Your task
Your job is to print, exactly, the lines in the data below from the line with "Thieffry Bagatelle Linen" through the line with "20160101-Atego-1-00155.jpg", both included, and to omit any picture.

Material supplied
-.-.-

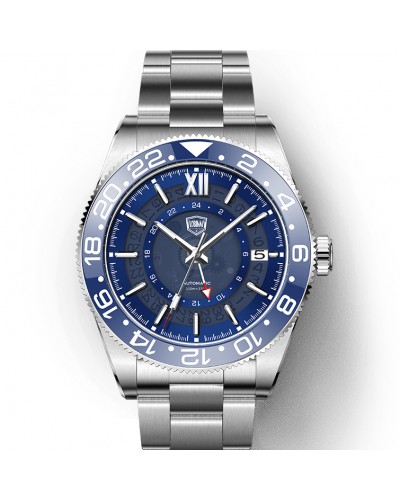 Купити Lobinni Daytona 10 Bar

-.-.-

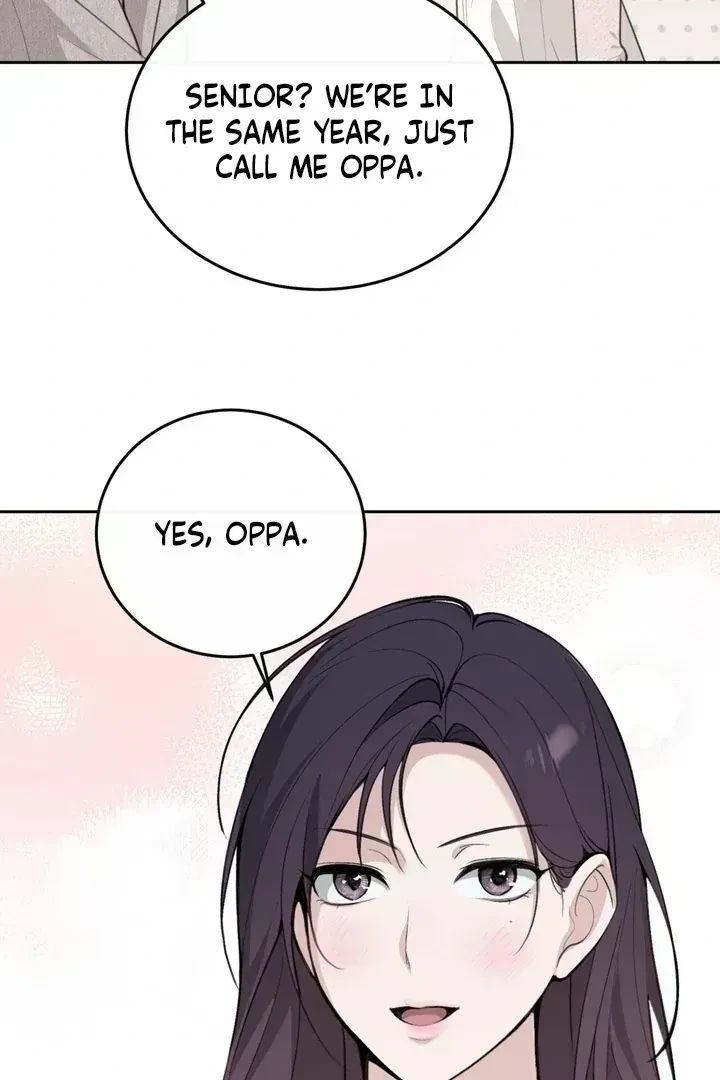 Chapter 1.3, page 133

-.-.-

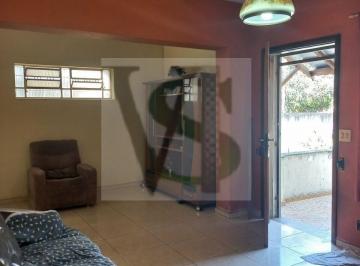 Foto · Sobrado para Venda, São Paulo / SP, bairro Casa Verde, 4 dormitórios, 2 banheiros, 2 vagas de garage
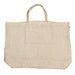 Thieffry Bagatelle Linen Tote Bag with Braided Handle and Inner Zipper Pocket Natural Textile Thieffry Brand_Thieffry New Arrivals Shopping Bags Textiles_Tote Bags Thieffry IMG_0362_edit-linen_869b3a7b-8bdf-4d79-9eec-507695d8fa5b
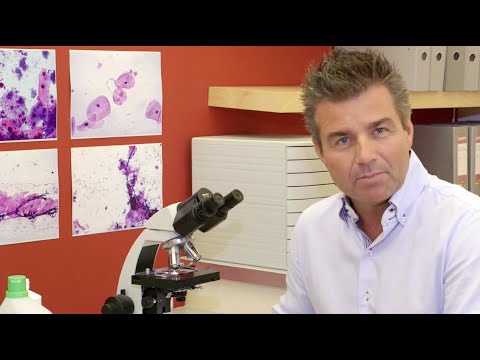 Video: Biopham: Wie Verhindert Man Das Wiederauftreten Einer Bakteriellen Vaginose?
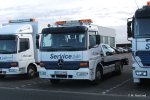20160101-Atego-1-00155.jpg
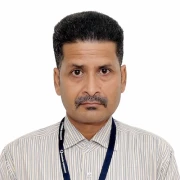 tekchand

-.-.-

Your solution
 Thieffry Bagatelle Linen Tote Bag with Braided Handle and Inner Zipper Pocket Natural Textile Thieffry Brand_Thieffry New Arrivals Shopping Bags Textiles_Tote Bags Thieffry IMG_0362_edit-linen_869b3a7b-8bdf-4d79-9eec-507695d8fa5b
 Video: Biopham: Wie Verhindert Man Das Wiederauftreten Einer Bakteriellen Vaginose?
20160101-Atego-1-00155.jpg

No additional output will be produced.